The makers also took the liberty of appealing to the eyes of guys. As a young woman, I did not feel comfortable with Hollywood plastering those scantily clad girls across the screen, it was totally inappropriate. Why is Hollywood constantly pressing this “image” onto the guys and girls of our culture? Why can we not be able to go see a clean movie with our lady friends without shifting in our seats?

It made me feel extremely uncomfortable and embarrassed because I was the one to invite my friends to this film. I should have looked at the reviews before doing the inviting. Let’s be honest, fellow believers, if we can sit through junk like this, having no issues with it… we need to check our relationship with God. Light cannot be visible in complete darkness. And God is light. (“This is the message we have heard from him and declare to you: God is light; in Him there is no darkness at all.”—1 John 1:5) Movies that encourage our flesh and satisfy our flesh are not of God. Let’s start serving our God through our every action, and every thought. In everything let’s praise God.
My Ratings: Moral rating: Very Offensive / Moviemaking quality: 4
—Lauren, age 16 (USA)
Negative—I went to see this movie for my birthday with my friends. I would not waste your money on this movie. It was not good. I thought it was stupid.

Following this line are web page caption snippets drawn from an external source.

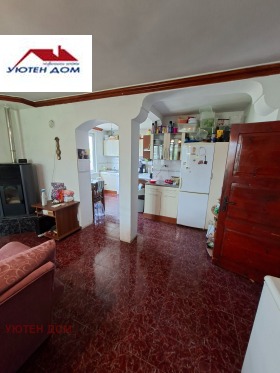 ������� ���� | Imot.bg � ����� ������ 8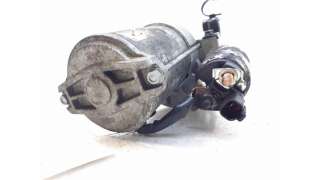 MOTOR ARRANQUE KIA CEED FASTBACK (2007-2012) 2.0 CRDI 140 140CV 1991CC - L.6683053 / 3610027700
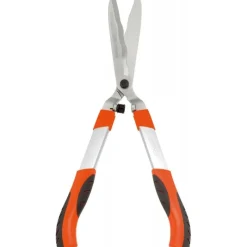 Tagliasiepi Profi 65 con lame ondulate-Stocker Discount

My Ratings: Moral rating: Very Offensive / Moviemaking quality: 2
—Kyla, age 14 (USA)
Positive—I saw this movie and really enjoyed it, for a PG [Canadian motion picture rating system] movie, I would say it was offensive, but overall for a movie itself, it was pretty clean, usually in these kinds of movies such as “Superbad,” “Step Brothers,” “American Pie,” etc. there is a lot of crude humor, swearing everywhere, and a lot of nudity, but this movie was nice because there was no nudity and the swearing was very little, and the crude humor wasn’t that bad. I must say tho if I have watched this movie with my mom, I would have felt very awkward. nOverall, tho, I think it was a funny, clean teen movie, and I think it’s great that they made a movie that is funny and rated PG [Canada], instead of 18a [Canada]. My rating overall 4/5
My Ratings: Moral rating: Average / Moviemaking quality: 4
—Matt, age 14 (Canada)
Comments from non-viewers
I have not seen this movie, and I do not want to see this movie. My close friend (also my age) went to see this. I asked her if it was good and worth seeing. She said that she laughed a lot, but also that she felt guilty every time she laughed because the joke was normally “dirty” or involved a cuss word or two. This movie (based on her re-telling to me) seems EXTREMELY offensive.